* _Entries shown_
==================================================

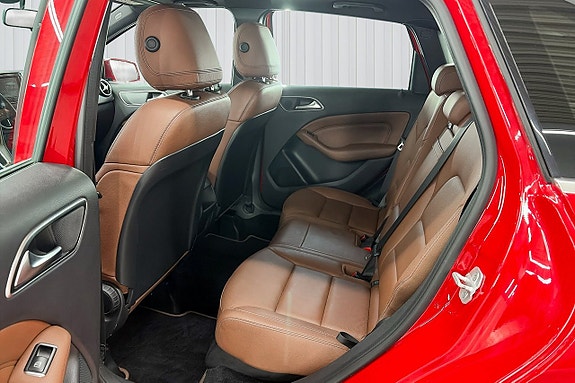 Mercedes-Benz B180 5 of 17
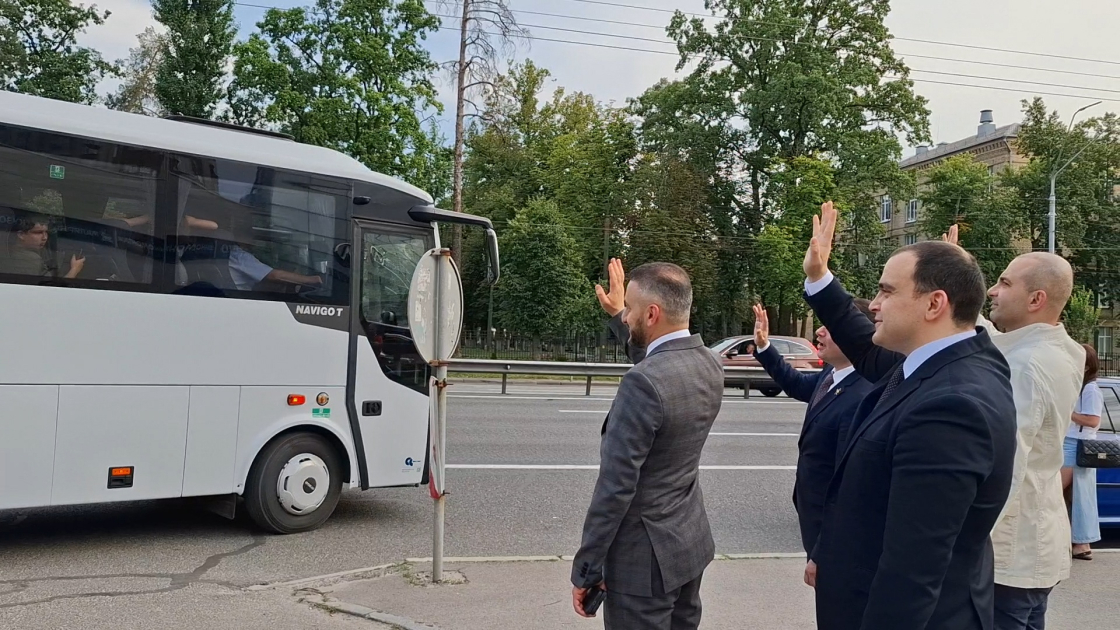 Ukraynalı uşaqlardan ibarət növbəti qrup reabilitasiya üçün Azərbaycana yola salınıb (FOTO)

==================================================

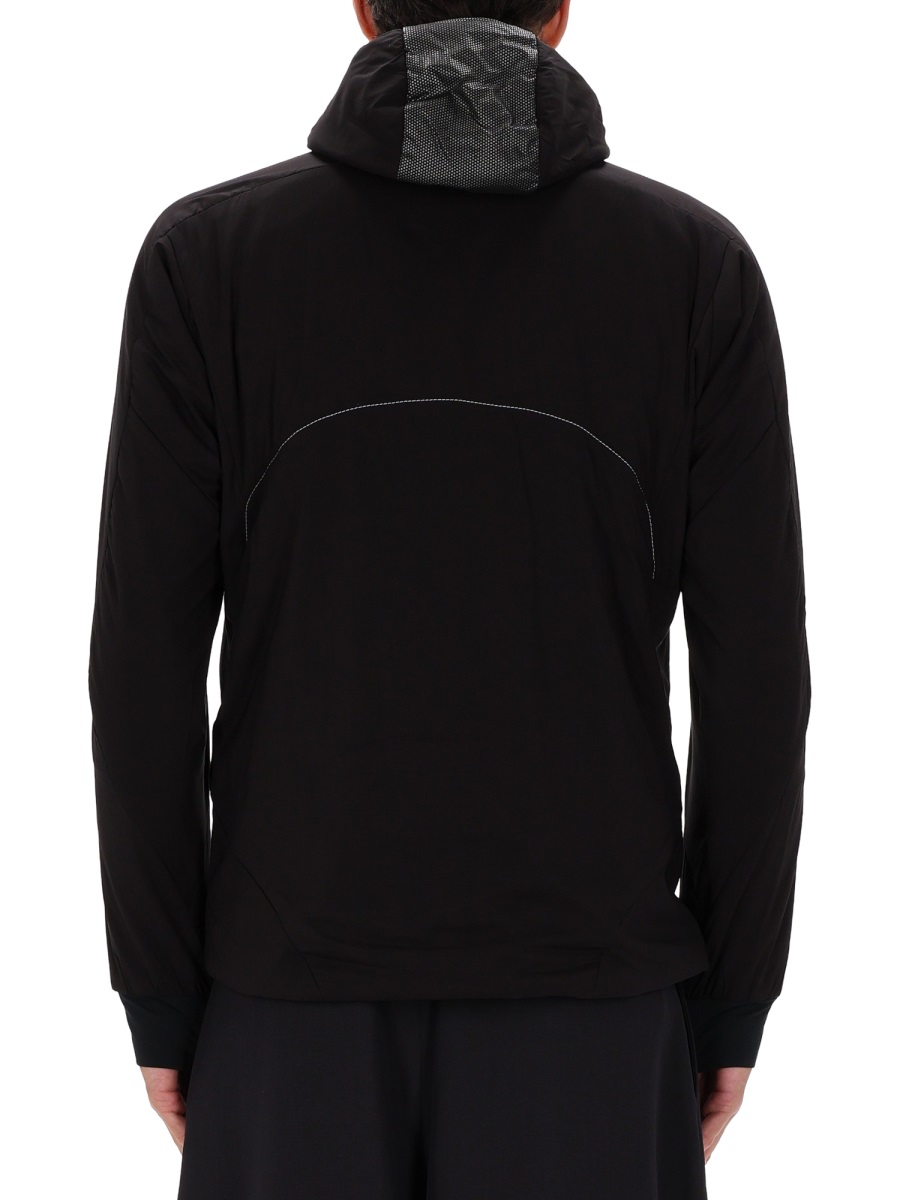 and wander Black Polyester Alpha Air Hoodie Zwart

==================================================

* _Task to carry out_
Out of the records above, please copy exactly the lines from the line with "Mercedes-Benz B180 5 of 17" up to and including the line with "Ukraynalı uşaqlardan ibarət", minus the pictures.

* _Finished task_
 Mercedes-Benz B180 5 of 17
 Ukraynalı uşaqlardan ibarət növbəti qrup reabilitasiya üçün Azərbaycana yola salınıb (FOTO)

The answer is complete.